Wednesday, October 08, 2003

In Retrospect
I feel ashamed at my recent actions towards someone. I feel as if, yes, I have de-evolved into some petty person who holds a grudge even when there isn't a reason to do so. In fact, I'd go so far as to assert that I've become that which I've tried so hard not to: a jealous fiend who can't let go of the past. The situation, as it occurred today, in what would most likely have been a repeat of an incident that happened yesterday, was simple enough, if not innocent and totally within the realm of how decent, civilized people conduct themselves. The girl I referred to in a previous post, probably the last post that had anything meaningful to say if you could call it that, was walking out of a backroom of the library as I was walking towards the restroom. In some sort of animalistic grunt, we both said "Hey" to one another. Big deal, I had to piss, she was walking with a purpose, and there really wasn't any room for discussion. Still, it felt terrible. How had things changed so drastically so quickly?
It struck me earlier that what has occurred is a return to the way things were before. Before the conversations. Before the dates (if that's what they really were, now I have my doubts). Before the downward spiral that engulfed the final few conversations and attempts at conversations. It all fell apart so fast. Now, what I'm left with, even in the face of trying desperately to be the civil one, the diplomatic male who operates in a fashion totally opposite of how most do. Now, I'm back to square one where I get this totally disgusted look from this girl. This totally pissed off look. This look of utter hatred, if I may be so melodramatic.
So what do I do, trying to be the more mature one? Well, I walked right by her today in the very same library without even looking in her direction. She was at the desk talking to her ex-roommate, and I was checking out a book. I knew she was there. She knew I was there. I made eye contact, somewhat, earlier.
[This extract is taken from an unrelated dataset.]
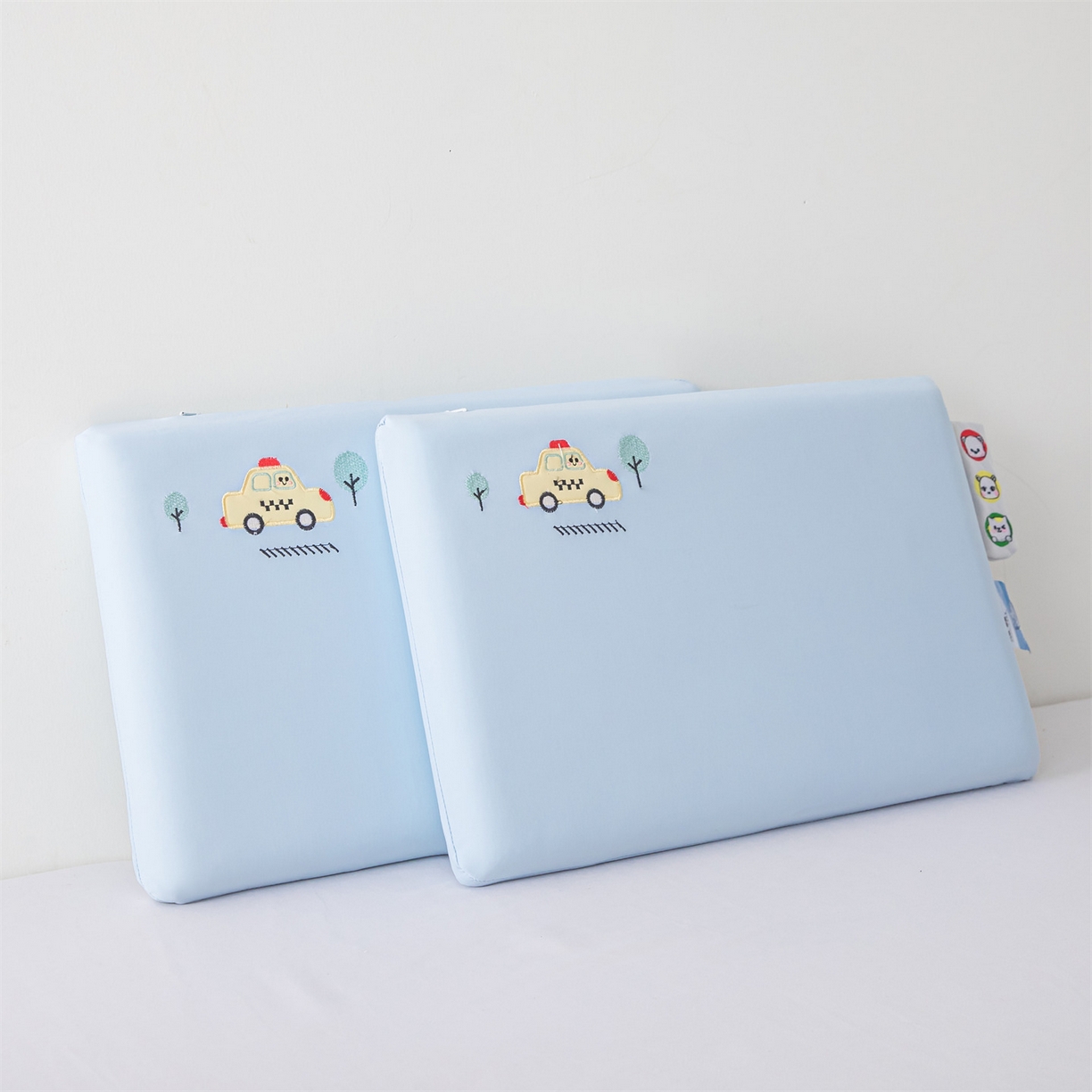 91家纺网 家纺一手货源 找家纺 麦肯锡 2026新款萌凉嘟嘟车面包记忆枕枕头枕芯 萌凉嘟嘟车-蓝色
So, why did I just walk by her without saying a word? I really can't say. I just know that I feel terrible about it. In retrospect, it feels worse than if I'd called her some terrible profanity. Or does it? I don't know. What I do know is that I feel as if I've sunk to a lower level. A level that people like her exist at. Miserable people who will never be happy and are incapable of having any sort of remorse, feelings, or common decency. I wish nothing but the worst for her. In my rage, I say I hate her. Yes, that word that you're told never to say about anyone. Yeah, I hate her with all my being. If I only hate one person, it's her. But, I don't hate her, not in the sense that is conveyed by the previous thoughts. No, I'm better than that. I don't hate her. No, I wish her the best. Sure, go ahead, and try to find someone else. Best of luck to you, babe. You're going to need it.